La víctima sostiene que estas llamadas no eran gestiones rutinarias, sino una respuesta directa a sus quejas internas, buscando neutralizar cualquier posibilidad de denuncia judicial mediante el ofrecimiento de ventajas profesionales que solo están al alcance de los niveles más altos del escalafón.

Pruebas sonoras y la cronología del presunto acoso

Uno de los elementos más contundentes que se han puesto a disposición del juzgado es un archivo de audio. En esta grabación, se escucharía supuestamente al comisario San Juan instando a la inspectora a tomar una decisión sobre su futuro profesional. La secuencia temporal descrita en la querella sugiere una presión constante: múltiples llamadas en una sola jornada y mensajes de texto con un tono intimidatorio que la agente decidió ignorar sistemáticamente.

La tensión alcanzó su punto álgido cuando, tras un rechazo frontal de la víctima y su advertencia de emprender acciones legales, el asesor intentó desvincularse alegando un desconocimiento total de los hechos. Sin embargo, la inspectora fue tajante en su respuesta, señalando que la llamada solo se producía por órdenes directas del Director Adjunto Operativo, vinculando así la cadena de mando con el intento de encubrimiento.

La paradoja de la Medalla de Plata: Reconocimiento tras la polémica

Resulta especialmente polémico el hecho de que, pocos meses después de estos incidentes, el comisario Óscar San Juan fuera distinguido con la Medalla de Plata al Mérito Policial. Esta condecoración es una de las más altas que concede el Cuerpo y no es un simple honorífico: conlleva una gratificación económica vitalicia equivalente al 15% del salario base.

El contraste entre las fechas de las presuntas llamadas de coacción y la concesión de esta medalla ha generado una fuerte indignación interna.
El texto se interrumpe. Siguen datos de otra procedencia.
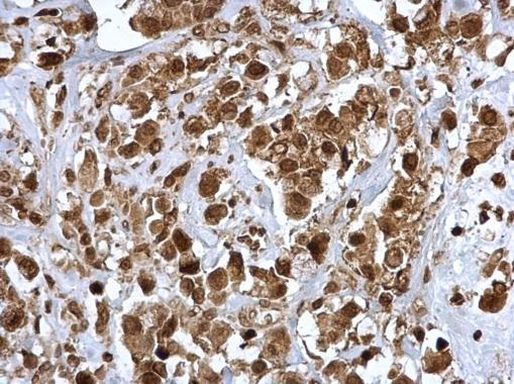 JAK2 Antibody in Immunohistochemistry (Paraffin) (IHC (P))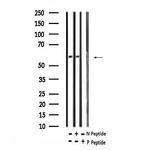 Phospho-RUNX2 (Ser275) Antibody in Western Blot (WB)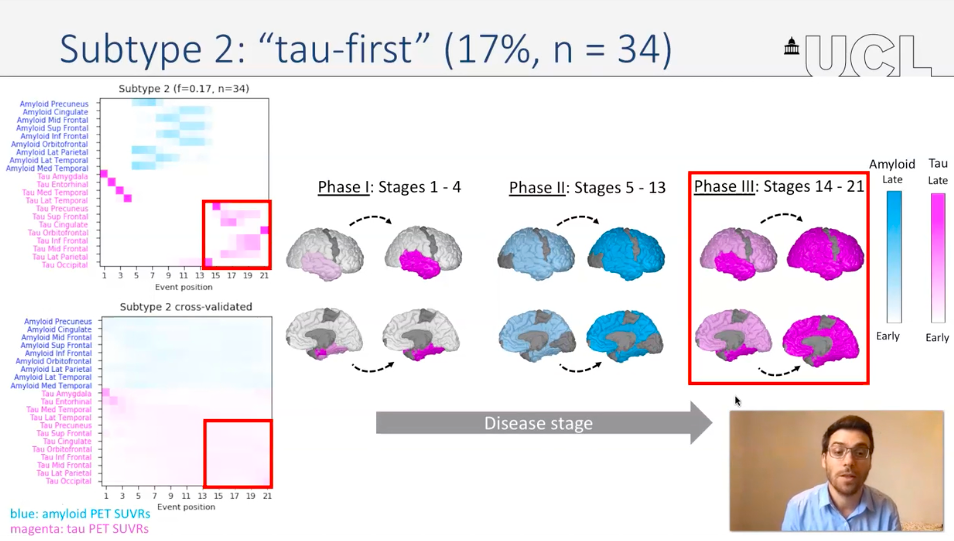 PTenigma's tweet photo. When a DISEASE like #Alzheimer's has many SUBTYPES - how do you disentangle a patient's SUBTYPE+disease STAGE? Dr Alexandra Young's remarkable SuStaIn algorithm shows how: Dr Leon Aksman ties tau-1st and amyloid-1st #Alzheimer's to CSF predictors #AAIC20 https://t.co/1Vxj2tYFml https://t.co/ZMxqc89cYk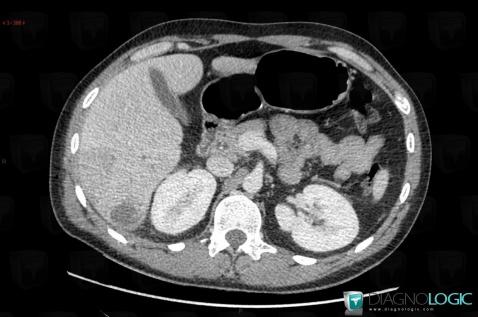 Abscess, Liver, CT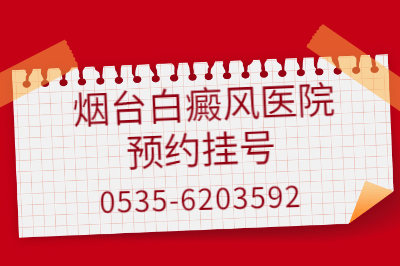 烟台白癜风的医院哪个治疗成效好 烟台白癜风治疗医院是重点医院吗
Se cuestiona si este reconocimiento fue una recompensa por la lealtad mostrada en la gestión del conflicto con la inspectora. Mientras el Ministerio de Fernando Grande-Marlaska tramita ahora una información reservada, el proceso judicial determinará si estas acciones constituyen delitos de obstrucción a la justicia y acoso laboral.

La resolución de este caso marcará un precedente sobre la transparencia en la gestión de recursos humanos dentro de la Policía Nacional y sobre la capacidad de la institución para purgar comportamientos abusivos que utilicen el organigrama público como moneda de cambio para la impunidad personal.